--- START ---

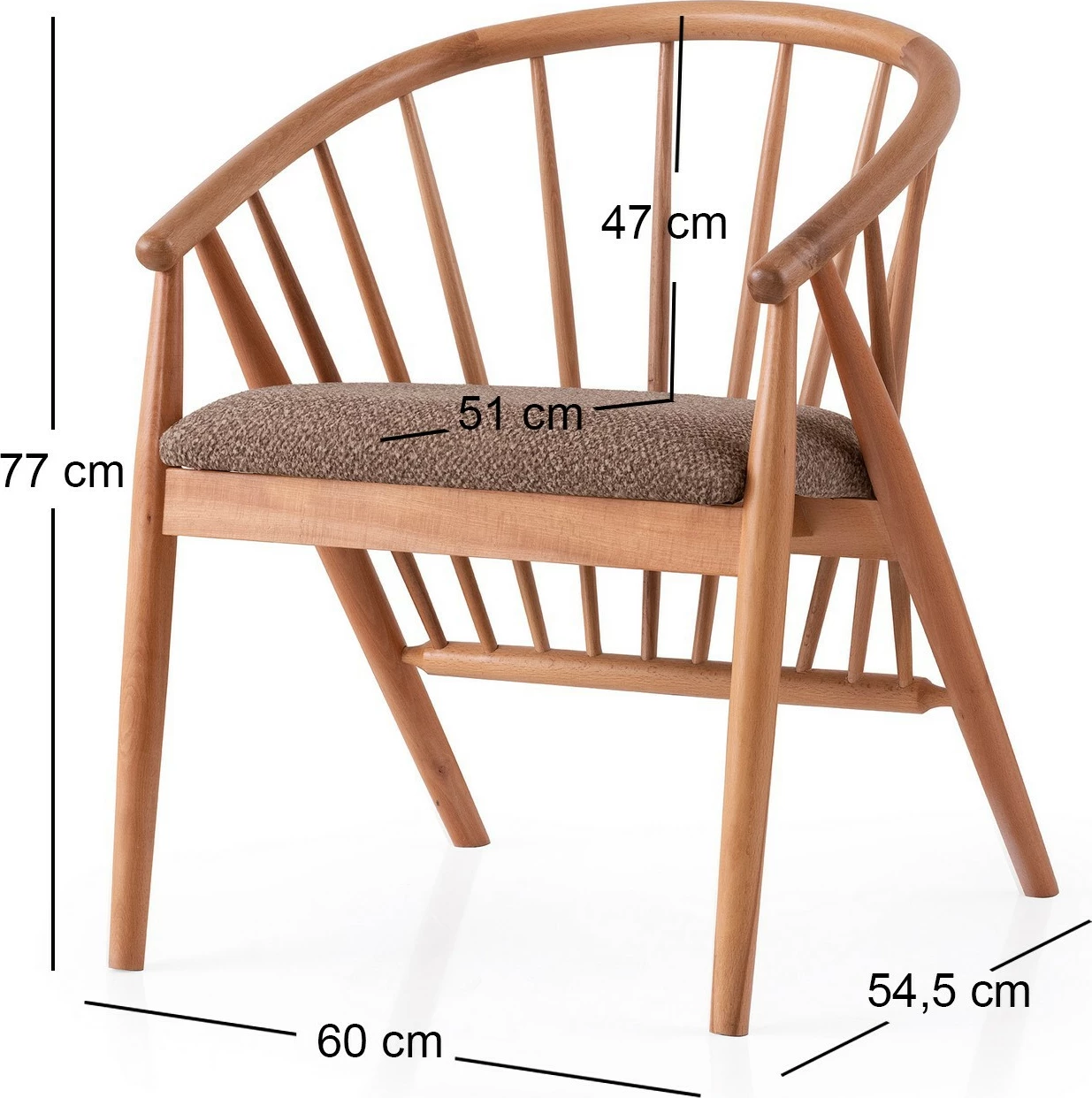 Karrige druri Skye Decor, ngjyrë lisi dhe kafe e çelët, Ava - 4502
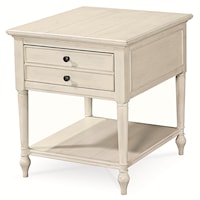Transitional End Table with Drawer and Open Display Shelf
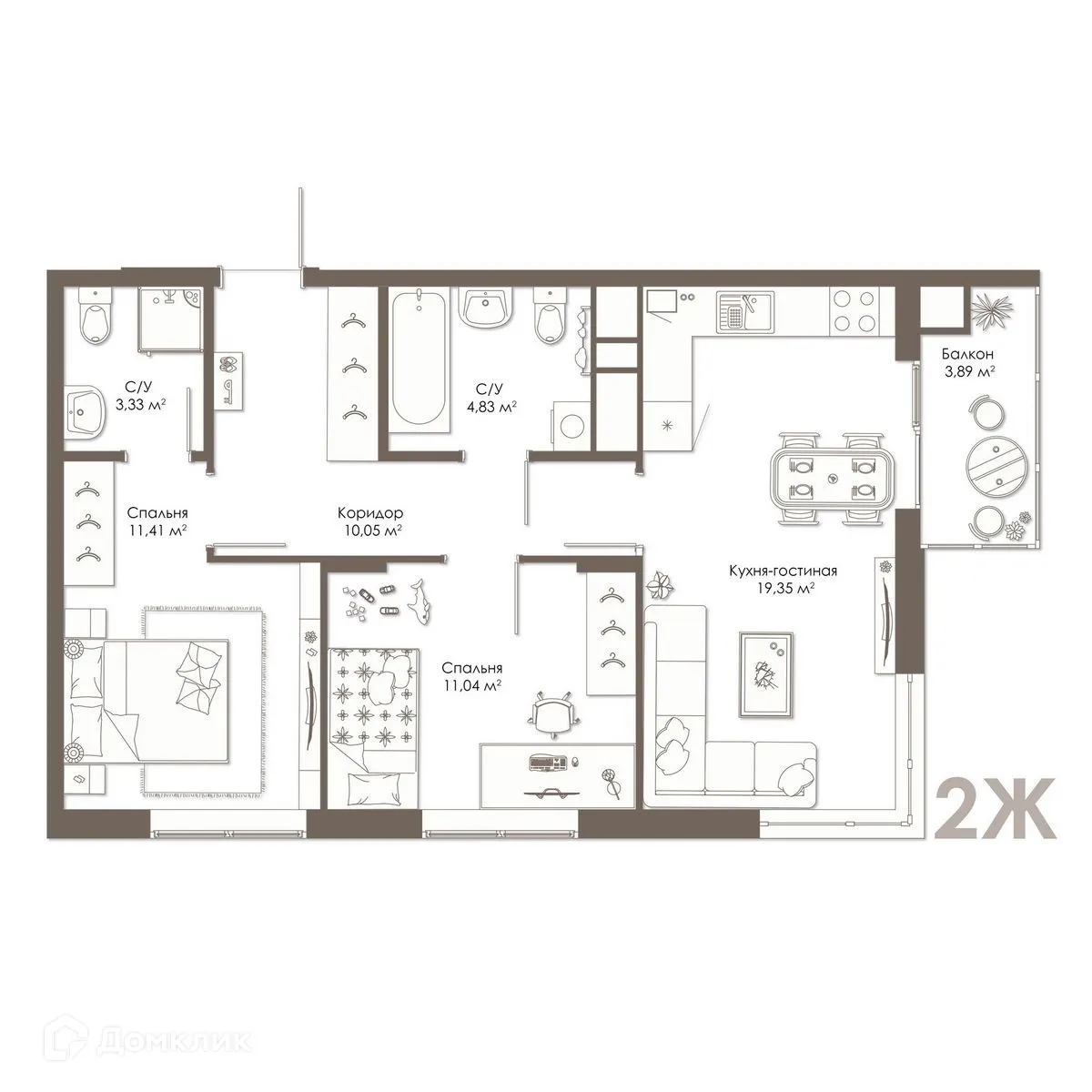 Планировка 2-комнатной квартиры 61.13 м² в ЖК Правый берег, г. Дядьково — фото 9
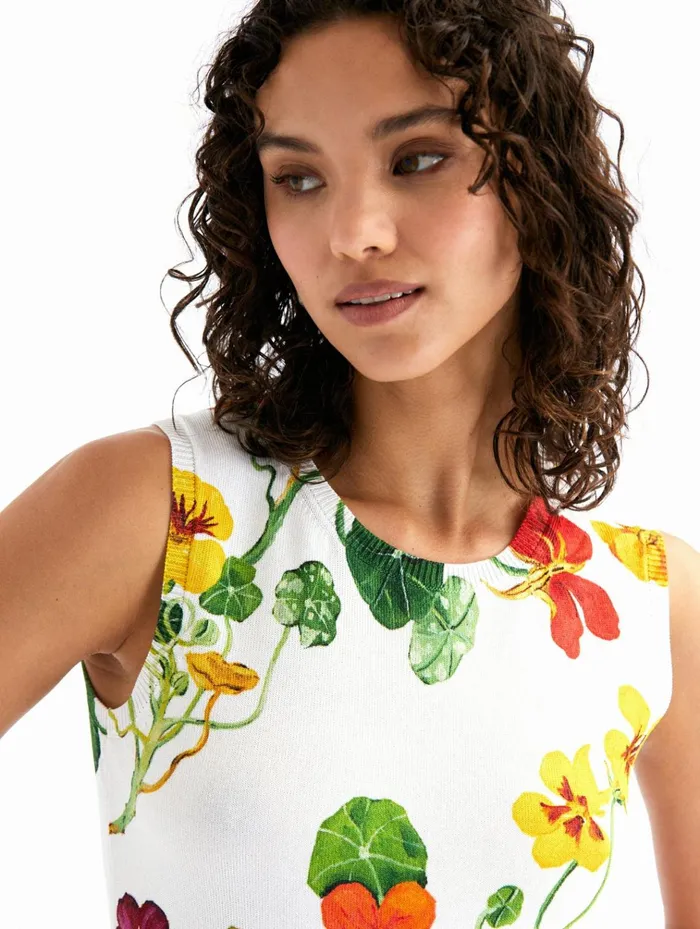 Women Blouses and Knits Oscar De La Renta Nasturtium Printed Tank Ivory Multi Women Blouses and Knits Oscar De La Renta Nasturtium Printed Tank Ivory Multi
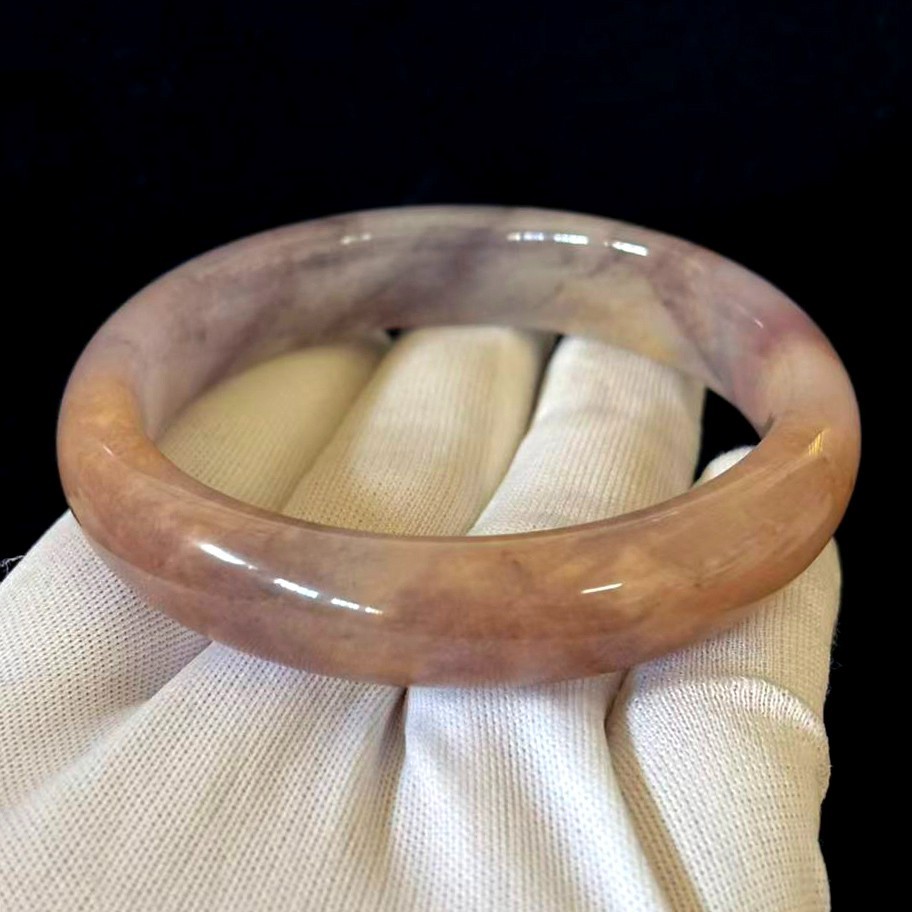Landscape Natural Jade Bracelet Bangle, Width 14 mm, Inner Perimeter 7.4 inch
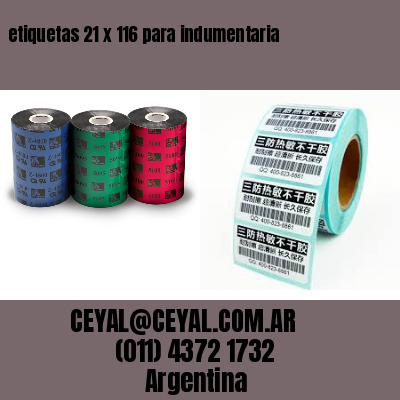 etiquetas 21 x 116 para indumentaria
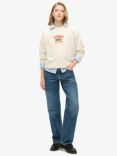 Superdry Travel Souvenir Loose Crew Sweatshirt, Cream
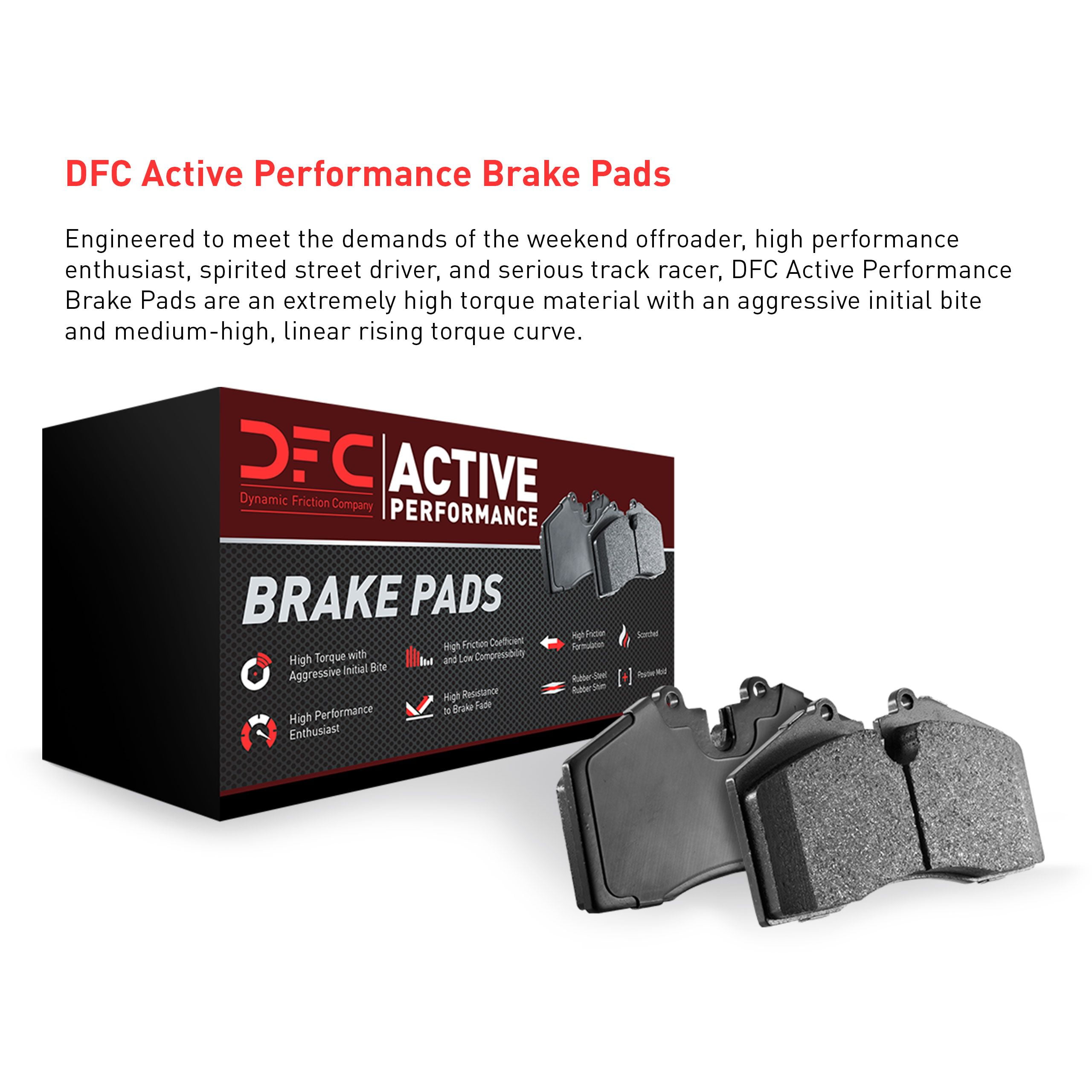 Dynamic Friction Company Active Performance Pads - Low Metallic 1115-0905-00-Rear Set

--- END ---

▶ WHAT THE EXERCISE ASKS: In the records above, find the line with "Ivory Multi Women" and the line with "Landscape Natural Jade", then restate word for word only those two lines and all lines between, omitting pictures.

▶ RESPONSE TO THIS EXERCISE:
 Women Blouses and Knits Oscar De La Renta Nasturtium Printed Tank Ivory Multi Women Blouses and Knits Oscar De La Renta Nasturtium Printed Tank Ivory Multi
Landscape Natural Jade Bracelet Bangle, Width 14 mm, Inner Perimeter 7.4 inch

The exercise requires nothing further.